The stitched-on or printed designer label offers key clues to a product’s authenticity. (Saritoria and Shantanu & Nikhil)
The stitched-on or printed designer label offers key clues to a product’s authenticity. (Saritoria and Shantanu & Nikhil)

First, some homework. Hermes, Chanel and Louis Vuitton are some of the most copied labels in the world. There are factories dedicated to producing both cheap and high-quality replicas at a fraction of the price of the hard-to-find originals. Soomro believes that recognising a well-crafted fake is difficult for anyone who isn’t familiar with a brand and its back-catalogue. “I’ve been to supposedly authentic consignment stores in Europe and found fake Chanel bags,” she says. She recommends shopping only from trusted sources, especially for second-hand items.

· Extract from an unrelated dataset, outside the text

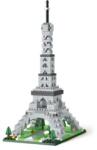 KOCO Construcție Turnul Eiffel 538 de piese 12x8x21 cm (WKW039585)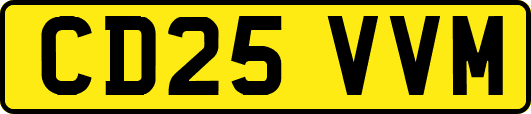CD25VVM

Shehlina Soomro of Saritoria says seams should be even, not misaligned or coming apart at the edges.
Shehlina Soomro of Saritoria says seams should be even, not misaligned or coming apart at the edges.

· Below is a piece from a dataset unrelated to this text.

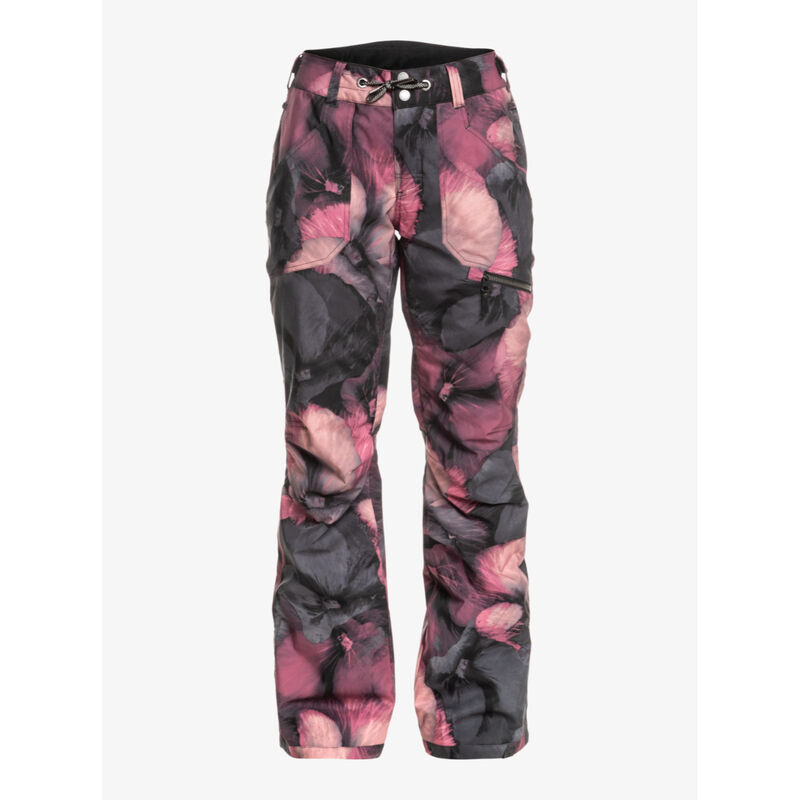 Roxy Nadia Printed Technical Snow Pants Womens image number 0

Check the heat stamp. The what? The stitched on or printed designer label. It offers key clues to a product’s authenticity. No brand that makes a handbag, shoes, or trousers with care will tack on a cheap, hastily sewn, misaligned label. Some add a manufacturing code, year and location. Some have a precise number of stitches, a few more than needed, to stand apart from factory-made fakes. Research the heat stamp’s materials, font, logo, stitching style and location – it’s the first test.

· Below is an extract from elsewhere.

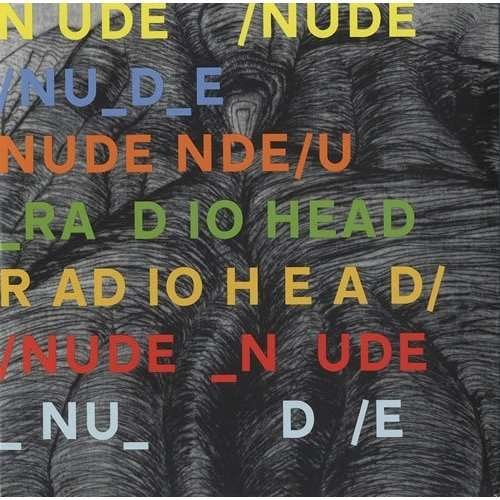 Cover for Radiohead · Nude (7&quot;) (2008)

Little big details. “An expert eye can discern differences in quality and craftsmanship,” says Nikhil Mehra. “The fabric’s texture, weight, and sheen, along with the precision in seams and finishes, often reveal the garment’s authenticity, even if the design looks identical.”

If this is confusing (and it can be in the case of an expensive, high-quality fake) Soomro says to check the seams. They shouldn’t be uneven, meet in unsightly knots at the corners, be misaligned with the print or coming apart at the edges. Check the accessories – fake products get the main fabric right, but scrimp on the finish of the zippers, buttons, buckles, shoelaces, straps and accompanying dustbag. Most top-tier brands are careful about the colour, texture and feel of these seemingly small details – even zippers are monogrammed, buttons are sewn on with the same thread as the rest of the item, providing valuable clues to its authenticity. And be mindful of the price – if it’s massively marked down, there could be something fishy going on.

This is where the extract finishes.